娘の失踪事件に翻弄される母親・沙織里(演:石原さとみ氏)と夫・豊(演:青木崇高氏)をはじめとするその家族と、視聴率至上主義との板挟みのなか誠実に取材を続ける地元テレビ局記者・砂田(演:中村倫也氏)の姿が描かれる作品。
誰かの人生を追体験できるのが映画の魅力でもありますが本作は真逆。
親としては絶対に経験したくない娘の失踪、痛いほど共感できる両親の心の機微をこれでもかと2時間突きつけられ、同監督『空白』以上に緊張せざるを得ない作品でしたね。
中村倫也氏、青木崇高氏、森優作氏の演技も素晴らしかったのですが、とにかく石原さとみ氏のお嬢様イメージから脱却した人間の本能むき出しの体当たりの演技は圧巻、女優として一皮も二皮も剥けましたね。

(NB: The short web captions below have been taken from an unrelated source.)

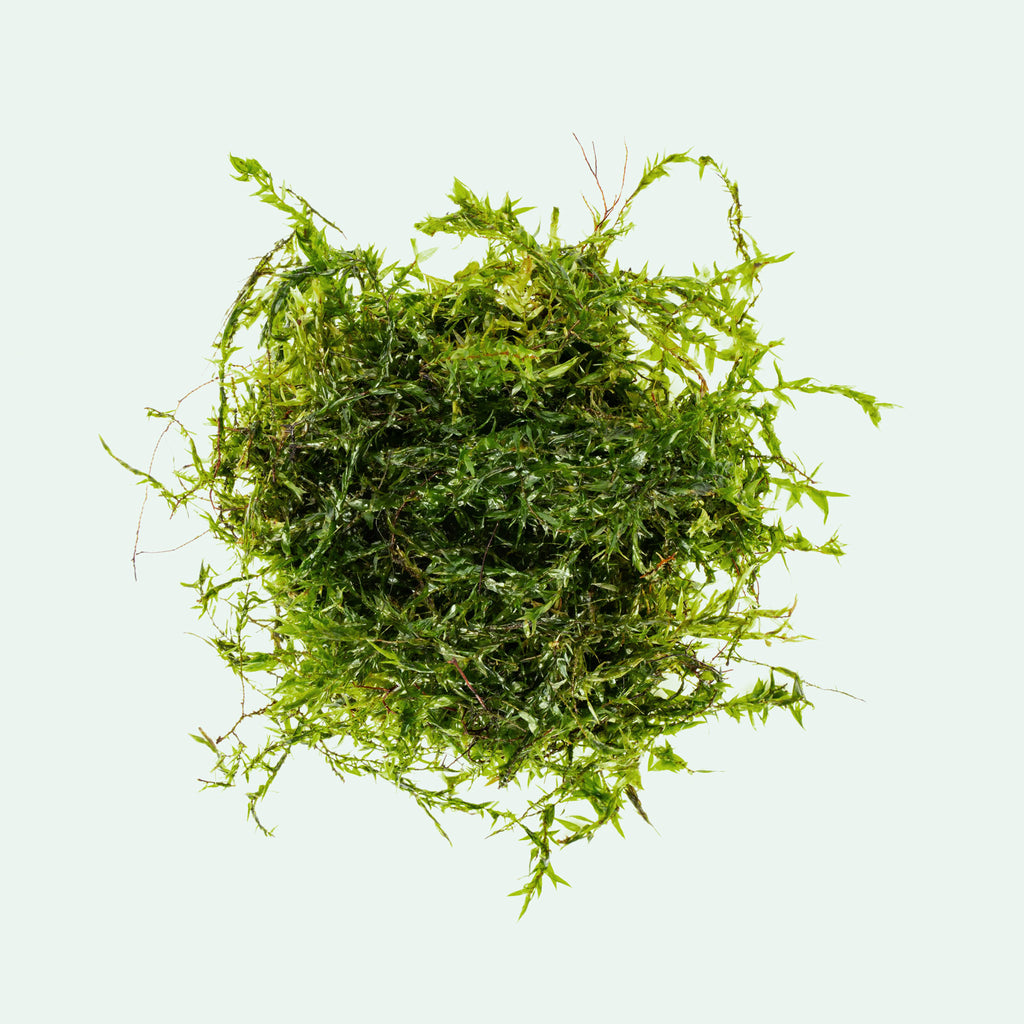 Clump of live Willow Moss for planted aquariums and aquascaping
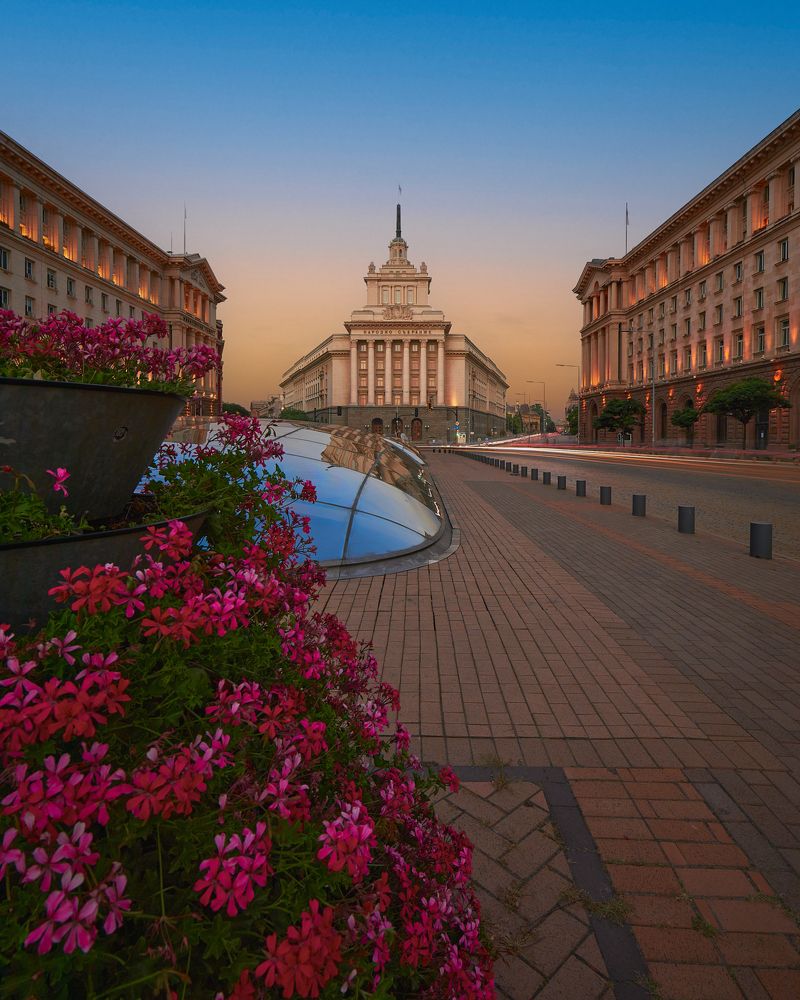 Фотография автора Emil Vasilev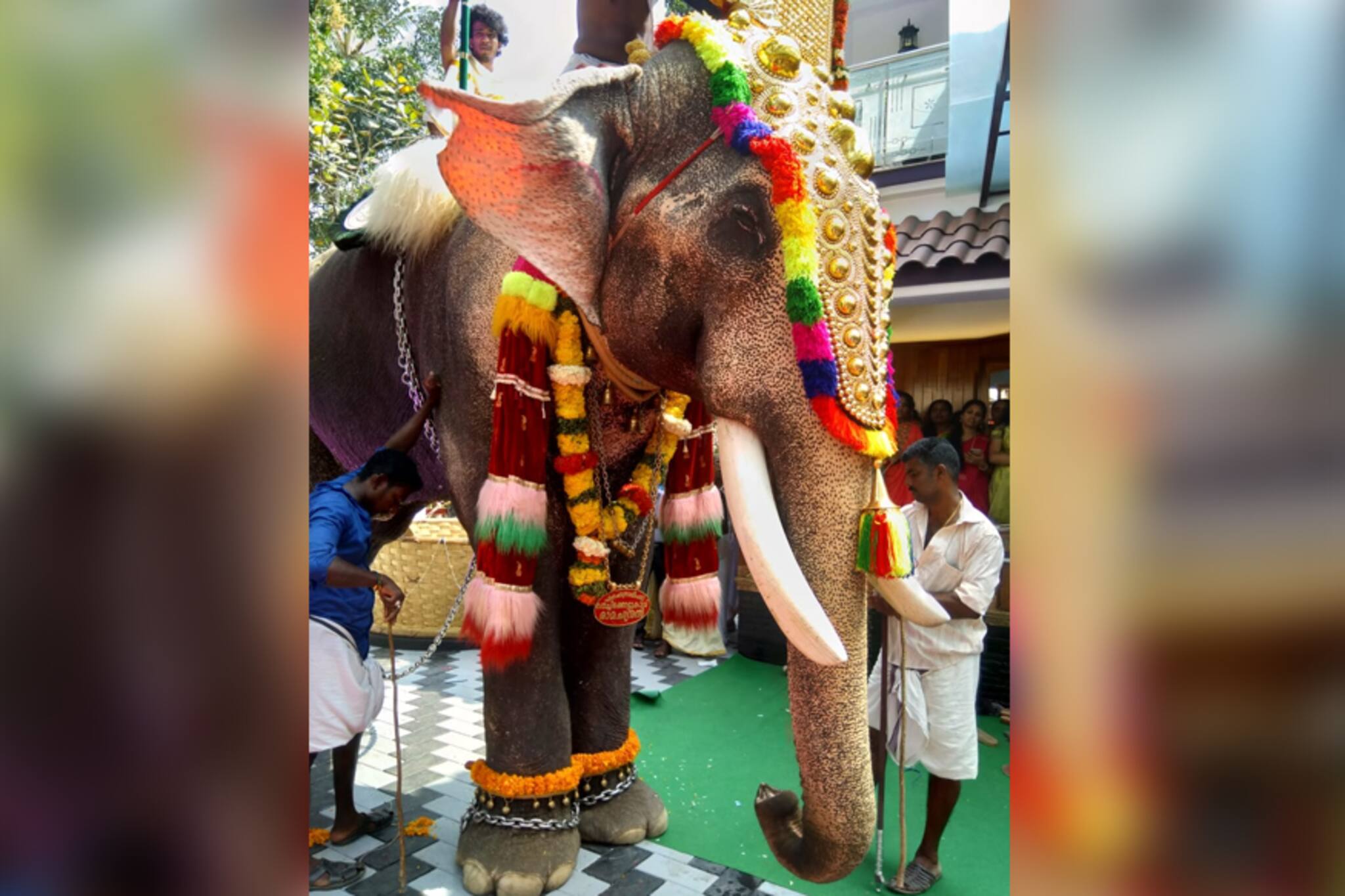 വീട്ടുകാരന്റെ പൊങ്ങച്ചം വിരുന്നുകാരന്റെ ജീവനെടുത്തു 
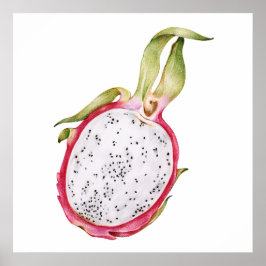 Póster Ilustracion de fruta de dragón dibujado a mano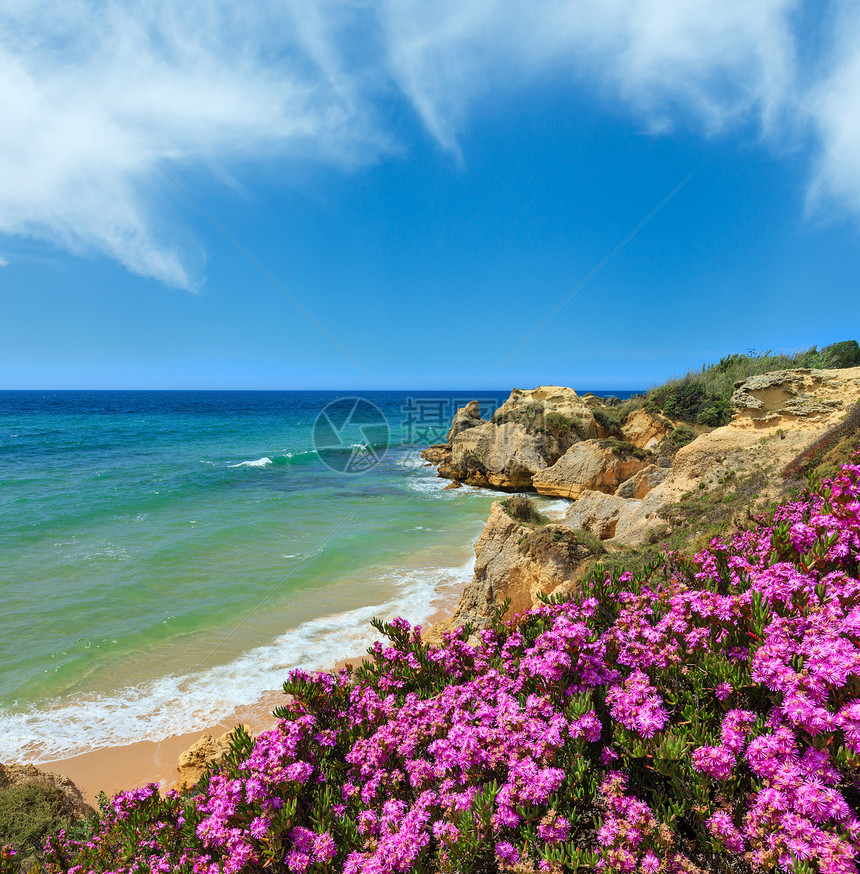 夏季开花的大西洋岩石海岸有紫花和狭窄的沙滩阿尔布费拉郊区葡萄牙阿尔加夫图片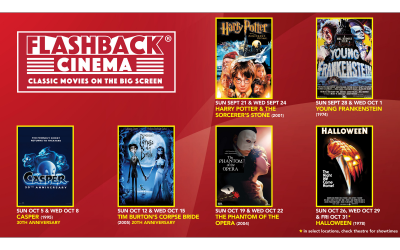 Flashback Features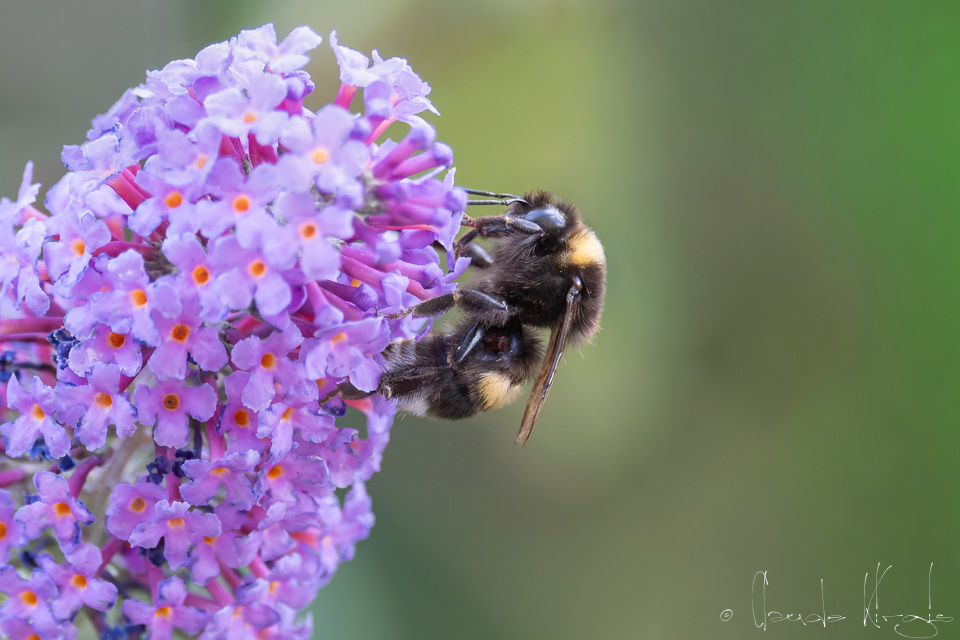 Bourdon terrestre (Bombus terrestris)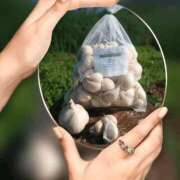 ヒメ日記 2025/12/20 14:08 投稿 瑠璃（るり） 丸妻 錦糸町店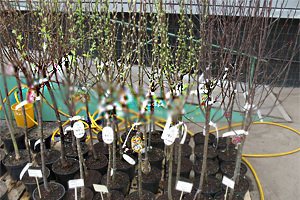 Правила транспортировки и хранения саженцев Правила транспортировки и хранения саженцев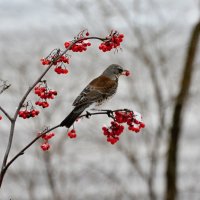 рябинники :: linnud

もう一つの話の軸になる視聴率至上主義の局上層部の意向で偏向報道の指示に抗う砂田氏と匿名SNSによる誹謗中傷という社会問題もうまく織り込まれ訴えかけていましたね。
映画としては娘の生存を暗示、仄めかすラストも個人的には期待しましたが、それを敢えてしなかった監督の強い意志と思いは、印象強く作品をさらに昇華させましたね。